- Ne yalvarmanın bir çaresi olmuştu, ne mal, mülk vermenin... O fidan sevgilinin gözü toktu, tamahı yoktu! 45
- نه بلا به چاره بودش نه به مال ** چشم پر و بیطمع بود آن نهال
- Allah, her hüner ve sanata, her dilenen ve istenen şeye âşık olan kişinin dudağını, ilk önce o şeye dokundurur, ona lezzeti tattırır...
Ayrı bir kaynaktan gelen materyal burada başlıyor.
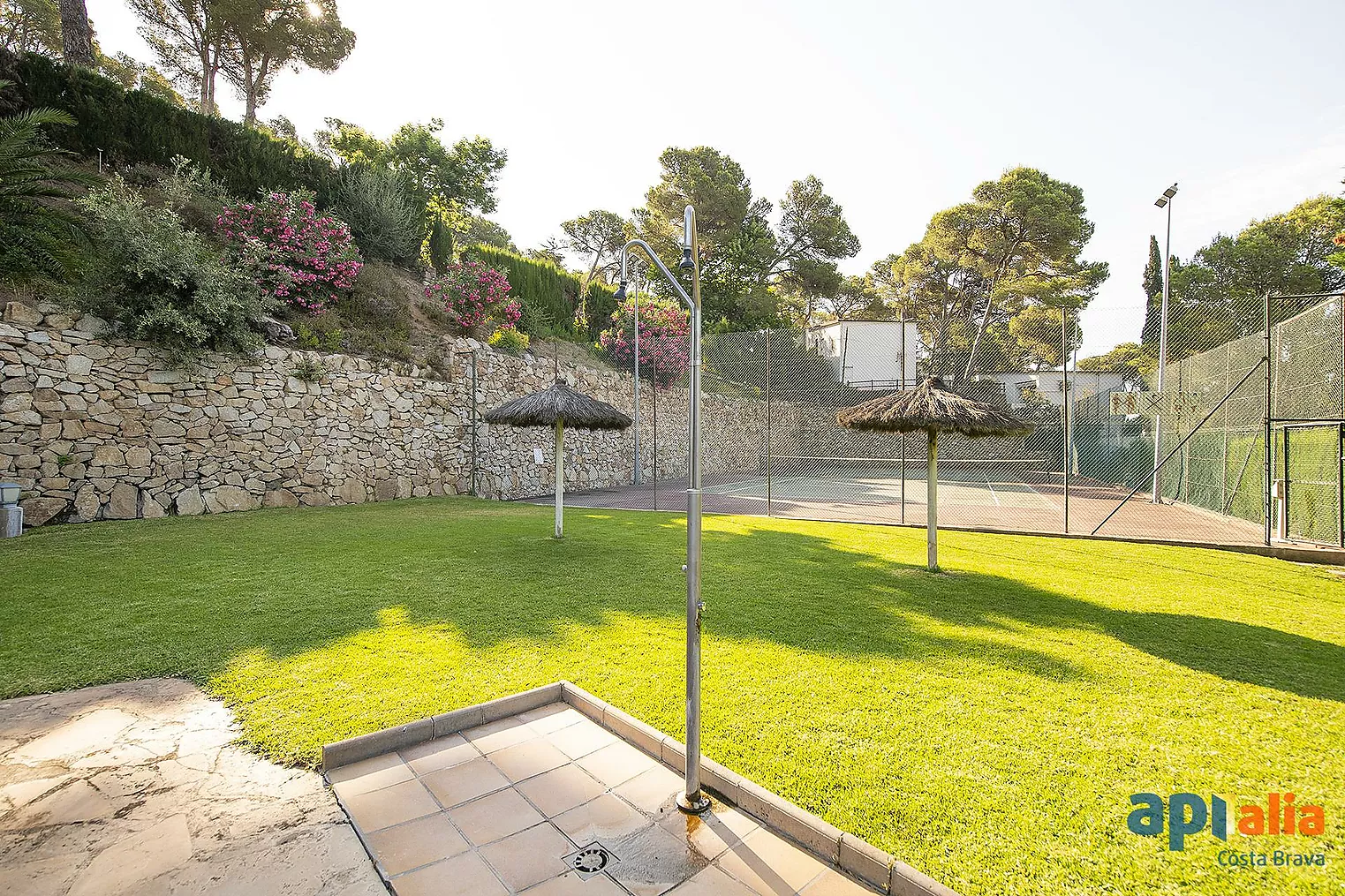 Apartament amb piscina i pista de tennis a 5 minuts de la platja de Tamariu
- عاشق هر پیشهای و مطلبی ** حق بیالود اول کارش لبی
- Ondan sonra âşıklar, o lezzetle, dileklerini aramaya koyuldular mı her gün önlerine bir tuzak çıkarır, ayaklarına bir bağ vurur!
- چون بدان آسیب در جست آمدند ** پیش پاشان مینهد هر روز بند
- Aramayıp taramaya giriştiler mi “hele nikâh parasını getir bakalım” diye kapıyı kapar.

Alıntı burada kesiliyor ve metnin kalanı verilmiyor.